The Company’s Connecticut (Doubling Road) CGU represents its operations dedicated to the cultivation, processing, and sale of cannabis within the state of Connecticut. This CGU is attributed to the Company’s cannabis operating segment. As a result of the impairment test, management concluded that the carrying value of the CGU was lower than its recoverable amount and recorded no impairment.

Florida CGU

The Company’s Florida (Modern Health Concepts) CGU represents its operations dedicated to the cultivation, processing, and sale of cannabis within the state of Florida. This CGU is attributed to the Company’s cannabis operating segment. As a result of the impairment test, management concluded that the carrying value of the CGU was lower than its recoverable amount and recorded no impairment.

Massachusetts CGU

The Company’s Massachusetts (Curaleaf) CGU represents its operations dedicated to the cultivation, processing, and sale of cannabis within the state of Massachusetts. This CGU is attributed to the Company’s cannabis operating segment.

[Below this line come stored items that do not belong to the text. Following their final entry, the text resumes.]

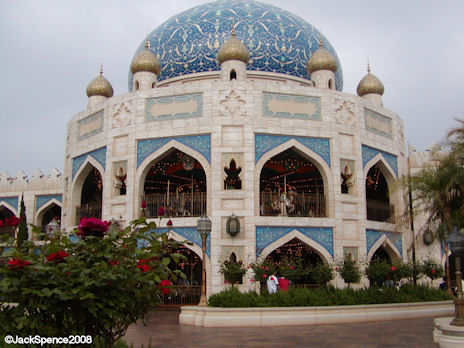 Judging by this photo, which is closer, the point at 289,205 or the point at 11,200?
the point at 289,205

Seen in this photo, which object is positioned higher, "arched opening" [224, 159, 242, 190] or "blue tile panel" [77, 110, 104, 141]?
"blue tile panel" [77, 110, 104, 141]

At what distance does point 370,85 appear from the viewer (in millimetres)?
19344

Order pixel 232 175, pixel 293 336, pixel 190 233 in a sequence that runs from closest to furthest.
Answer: pixel 293 336
pixel 190 233
pixel 232 175

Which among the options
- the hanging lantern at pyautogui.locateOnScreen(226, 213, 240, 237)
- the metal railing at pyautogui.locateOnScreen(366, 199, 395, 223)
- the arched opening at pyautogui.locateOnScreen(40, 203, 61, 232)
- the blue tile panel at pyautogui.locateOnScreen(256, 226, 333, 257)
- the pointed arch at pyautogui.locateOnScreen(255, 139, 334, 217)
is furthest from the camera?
the arched opening at pyautogui.locateOnScreen(40, 203, 61, 232)

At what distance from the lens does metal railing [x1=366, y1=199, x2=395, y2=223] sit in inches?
690

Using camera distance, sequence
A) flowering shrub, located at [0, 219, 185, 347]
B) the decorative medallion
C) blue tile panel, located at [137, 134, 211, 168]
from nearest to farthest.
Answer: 1. flowering shrub, located at [0, 219, 185, 347]
2. blue tile panel, located at [137, 134, 211, 168]
3. the decorative medallion

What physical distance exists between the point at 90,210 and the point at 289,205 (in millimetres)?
6740

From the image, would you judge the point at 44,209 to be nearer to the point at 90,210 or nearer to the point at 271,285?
the point at 90,210

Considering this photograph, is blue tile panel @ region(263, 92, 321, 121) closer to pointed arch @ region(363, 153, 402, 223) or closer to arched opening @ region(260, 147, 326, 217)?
arched opening @ region(260, 147, 326, 217)

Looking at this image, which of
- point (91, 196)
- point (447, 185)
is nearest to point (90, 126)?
point (91, 196)

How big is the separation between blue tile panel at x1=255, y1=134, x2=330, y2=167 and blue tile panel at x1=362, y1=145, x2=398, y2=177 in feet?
5.22

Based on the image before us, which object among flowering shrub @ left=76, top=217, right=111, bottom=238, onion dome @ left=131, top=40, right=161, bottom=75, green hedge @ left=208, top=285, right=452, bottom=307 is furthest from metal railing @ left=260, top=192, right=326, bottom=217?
flowering shrub @ left=76, top=217, right=111, bottom=238

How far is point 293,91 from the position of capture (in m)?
16.2

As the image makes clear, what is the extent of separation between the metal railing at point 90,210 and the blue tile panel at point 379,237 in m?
8.82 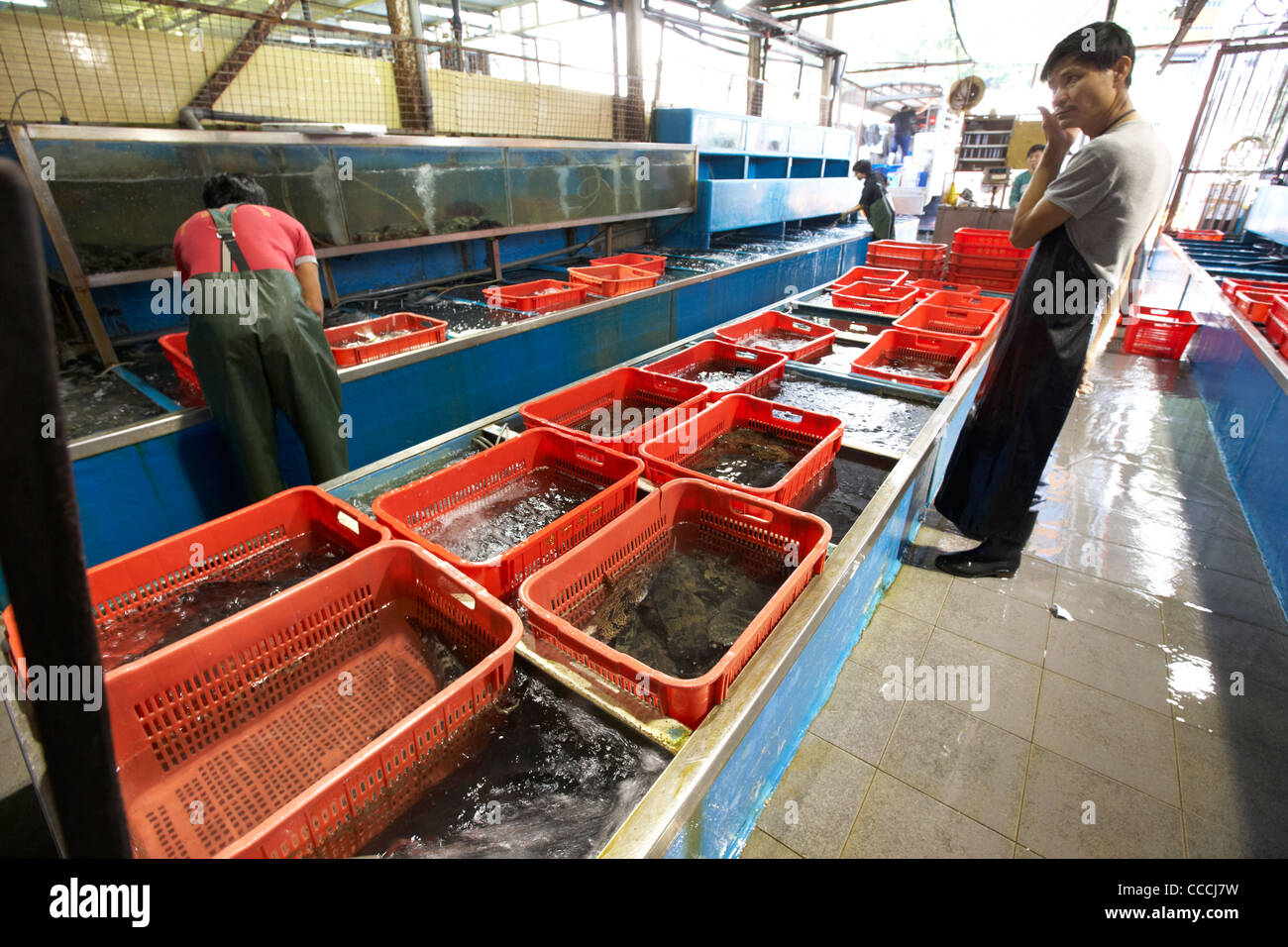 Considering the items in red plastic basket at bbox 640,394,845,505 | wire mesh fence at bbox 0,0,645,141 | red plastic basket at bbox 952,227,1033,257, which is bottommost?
red plastic basket at bbox 640,394,845,505

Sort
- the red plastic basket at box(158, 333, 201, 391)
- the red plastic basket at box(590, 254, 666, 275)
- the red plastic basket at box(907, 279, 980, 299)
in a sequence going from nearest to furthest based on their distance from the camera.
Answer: the red plastic basket at box(158, 333, 201, 391)
the red plastic basket at box(907, 279, 980, 299)
the red plastic basket at box(590, 254, 666, 275)

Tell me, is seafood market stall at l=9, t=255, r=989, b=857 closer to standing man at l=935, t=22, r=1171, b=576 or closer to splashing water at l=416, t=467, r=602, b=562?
splashing water at l=416, t=467, r=602, b=562

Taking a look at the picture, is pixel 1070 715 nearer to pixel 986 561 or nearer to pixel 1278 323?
pixel 986 561

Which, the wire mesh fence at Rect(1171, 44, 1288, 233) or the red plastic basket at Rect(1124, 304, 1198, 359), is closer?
the red plastic basket at Rect(1124, 304, 1198, 359)

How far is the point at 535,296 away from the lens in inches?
162

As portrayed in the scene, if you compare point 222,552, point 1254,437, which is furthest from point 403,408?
point 1254,437

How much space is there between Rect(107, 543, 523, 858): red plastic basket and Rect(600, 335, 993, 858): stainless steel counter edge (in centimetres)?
37

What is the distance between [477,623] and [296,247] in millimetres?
2249

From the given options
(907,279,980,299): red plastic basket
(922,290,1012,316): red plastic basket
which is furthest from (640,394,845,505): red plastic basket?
(907,279,980,299): red plastic basket

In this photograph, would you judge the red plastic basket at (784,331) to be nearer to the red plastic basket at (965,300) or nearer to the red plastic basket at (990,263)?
the red plastic basket at (965,300)

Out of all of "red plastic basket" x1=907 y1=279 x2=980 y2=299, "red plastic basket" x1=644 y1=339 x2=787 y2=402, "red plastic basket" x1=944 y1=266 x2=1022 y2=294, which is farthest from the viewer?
"red plastic basket" x1=944 y1=266 x2=1022 y2=294

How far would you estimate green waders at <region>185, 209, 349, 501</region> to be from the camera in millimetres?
2426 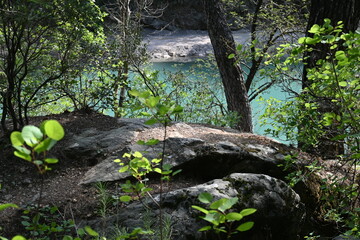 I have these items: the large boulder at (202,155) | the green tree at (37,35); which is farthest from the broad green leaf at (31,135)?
the green tree at (37,35)

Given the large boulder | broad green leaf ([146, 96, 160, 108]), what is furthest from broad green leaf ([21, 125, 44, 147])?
the large boulder

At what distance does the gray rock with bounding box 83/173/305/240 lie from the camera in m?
2.71

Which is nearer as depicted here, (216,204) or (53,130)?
(53,130)

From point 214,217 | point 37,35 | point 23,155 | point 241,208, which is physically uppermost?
point 37,35

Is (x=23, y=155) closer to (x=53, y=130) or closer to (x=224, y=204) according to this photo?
(x=53, y=130)

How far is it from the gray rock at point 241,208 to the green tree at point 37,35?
217 centimetres

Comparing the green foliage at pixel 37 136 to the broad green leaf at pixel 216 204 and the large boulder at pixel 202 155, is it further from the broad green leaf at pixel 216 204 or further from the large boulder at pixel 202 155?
the large boulder at pixel 202 155

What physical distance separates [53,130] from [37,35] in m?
4.02

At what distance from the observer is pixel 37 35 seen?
14.3 ft

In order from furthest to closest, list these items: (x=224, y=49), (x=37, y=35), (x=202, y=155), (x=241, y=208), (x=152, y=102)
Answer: (x=224, y=49)
(x=37, y=35)
(x=202, y=155)
(x=241, y=208)
(x=152, y=102)

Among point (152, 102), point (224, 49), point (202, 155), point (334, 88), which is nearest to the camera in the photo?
point (152, 102)

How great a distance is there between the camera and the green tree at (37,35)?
3756 millimetres

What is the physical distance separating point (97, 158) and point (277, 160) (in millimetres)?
2034

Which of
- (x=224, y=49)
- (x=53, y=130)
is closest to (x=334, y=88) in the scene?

As a result of the impairment test, management concluded that the carrying value of the CGU was lower than its recoverable amount and recorded no impairment.

 

Finite asset specific impairments

During the year ended December 31, 2020, the Company identified underperformance of actual results against expected results for its Eureka cultivation operations, which is an indicator of asset impairment relating to the intangible license. The recoverable amount of the Eureka Cultivation licensing agreement was determined based on a third-party appraisal using a value in use approach, which is the present value of the future cash flows expected to be derived from the Eureka Cultivation licensing agreement, using unobservable inputs (level 3). The Eureka Cultivation licensing agreement was valued using a multi-period excess earnings method (“MPEEM”), a variation of the income approach. This methodology considers future cash flows attributable to the long-lived asset, contributory asset charges to reflect the use of other assets to sustain the subject asset, and a market participant discount rate observed in the industry. Consideration is given to historical data relating to the market and the subject asset, projected data relating to the subject asset, and certain industry standards which constitute both observable and unobservable inputs (level 2 and level 3). This model assumed a discount rate of 19.0%. As a result, the Company recognized a $23,659 impairment loss relating to this license for the year ended December 31, 2020. This license, and the corresponding impairment loss, are allocated to the cannabis operating segment (Note 18).